第6話 やる気、出してもらってイイですか?

 ジューデンバイク草原を歩きながら、柳瀬DがAD白崎に疑問をぶつける。


「で、何でポーチにラノベが入ってたんだ?」

「いやぁ。いつだか休憩時間に買ったんですけど、ずっと入れっぱにしてて。今思い出しました」

「どういう内容のやつ? 面白い?」

「反りの合わないアイドル声優二人が一緒にラジオやることになって、ぶつかり合いながらも関係を深めていく、みたいな話です。大賞受賞作ですし、結構面白いですよ」

「ふーん」


 お仕事系のラノベが大賞獲るって意外かも。ちょっと読んでみようかな。

 柳瀬Dが頭の中でそんなことを考えていると、前を歩いていたセリーヌがぴたっと立ち止まった。


「どうしました?」


 問いかけると、セリーヌはその場にしゃがみ込んでぽつりと答える。


「私は疲れた。王都はもうすぐ。柳瀬殿と白崎殿だけで行けるはず」


 柳瀬DとAD白崎は顔を見合わせ、困惑した表情を浮かべる。


「いや、たとえ王都に辿り着けても市場がどこかも分からないですし、とりあえず最後まで案内してもらっても?」

「嫌。もう動きたくない」


 腕を引っ張り、セリーヌを立ち上がらせようとする柳瀬D。

 しかし、意志は固いようでピクリとも動かない。

 するとAD白崎が何か思いついたように口を開いた。


「私は別にここで帰ってもらっても構いませんよ」


 いきなり何を言い出すのか。

 柳瀬Dはセリーヌが帰ってしまわないかヒヤヒヤしたが、その不安はすぐに払拭された。


「でもその代わり、ラノベはお預けです」

「白崎殿。それは勘弁。約束通り、王都まで案内する」


 セリーヌが態度を一変させ、シャキッと立ち上がる。


「白崎、扱い上手いな?」

「私の妹もこんな感じなんで、そのおかげです」


 二人でこそこそと話していると、セリーヌが遠くから呼びかける。


「柳瀬殿、白崎殿。早く行こう」


 いつの間にそんな先まで進んでいたんだ。

 柳瀬Dはカメラを携えながら、必死に後を追った。




 城壁に設けられた門をくぐると、そこは王都モヤサーマの商業地区だった。


「随分と栄えてるな」

「色んなお店屋さんが並んでますね」


 街並みに目を奪われる柳瀬DとAD白崎。


「この辺でも人通りは充分多い。インタビューは可能」


 セリーヌの言う通り、ここでロケをするのもいいかもしれない。だが、早く帰りたいという企みが透けて見えるので、今日はスルーしておく。

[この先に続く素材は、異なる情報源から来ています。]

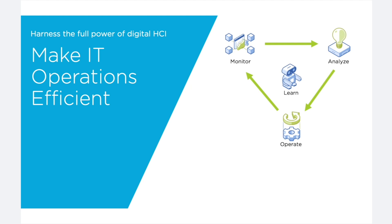Thanks for watching this video about our non-Nutanix virtual monitoring. And stay tuned for more episodes on how to make your IT operations efficient.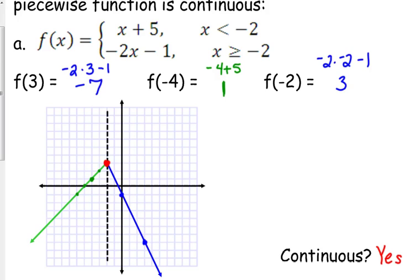A student asks how the dot got there — it was already there from the right side, from the blue function. When I used that point and found my slope, I went up one over one twice and ended up in the same place. That's where the point would be if the equal to were on that first piece. Since the function meets itself there, it's continuous.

「でも、ロニエさんに市場をおすすめされたので、今日はそっちで」

「分かった。仕方がない」


 本音が口から漏れているが、もう突っ込む気もしないので黙って後ろをついていく。

 しばらく歩くと、道の先にひらけた空間が見えた。

 それと同時にセリーヌがこちらを振り返る。


「目的地付近。案内を終了する」


 使えないカーナビか。


「いやいや、最後までお願いしますよ」

「広場に着いたらラノベあげますから」


 柳瀬DとAD白崎が翻意を促すと、セリーヌは大きなため息を吐いて再び前を向いた。


「ラノベの為。ラスト百メートル」


 つまり、今セリーヌは百メートルを面倒に思ったのか。

 柳瀬DとAD白崎は半ば呆れていた。


 広場に着くと、そこは野菜や魚など様々な食材が売られた市場になっていて、大勢の客で賑わっていた。


「これならロケやれそうですね!」


 AD白崎は張り切っている様子だが、始める前に解決すべき問題がある。

 それはお金だ。

 柳瀬DとAD白崎は日本円しか持っていない。これでは市場での買い物代と引き換えに家についていくという企画が成り立たない。


 柳瀬Dは、すっかり仕事を終えた気になっているセリーヌにお願いをする。


「すみませんセリーヌさん。最後にもう一つだけお願いしても?」

「内容と報酬による定期」

「財布に入っているお金を、ここで使える通貨と両替してもらうことって可能ですか?」

「報酬も提示しろ定期」


 こいつ、本当に賢者なのか?

 どこで覚えたのか、ネットスラングを多用するセリーヌ。

 AD白崎はしょうがないなぁといった表情で再びポーチの中を漁り、今度は栞を取り出した。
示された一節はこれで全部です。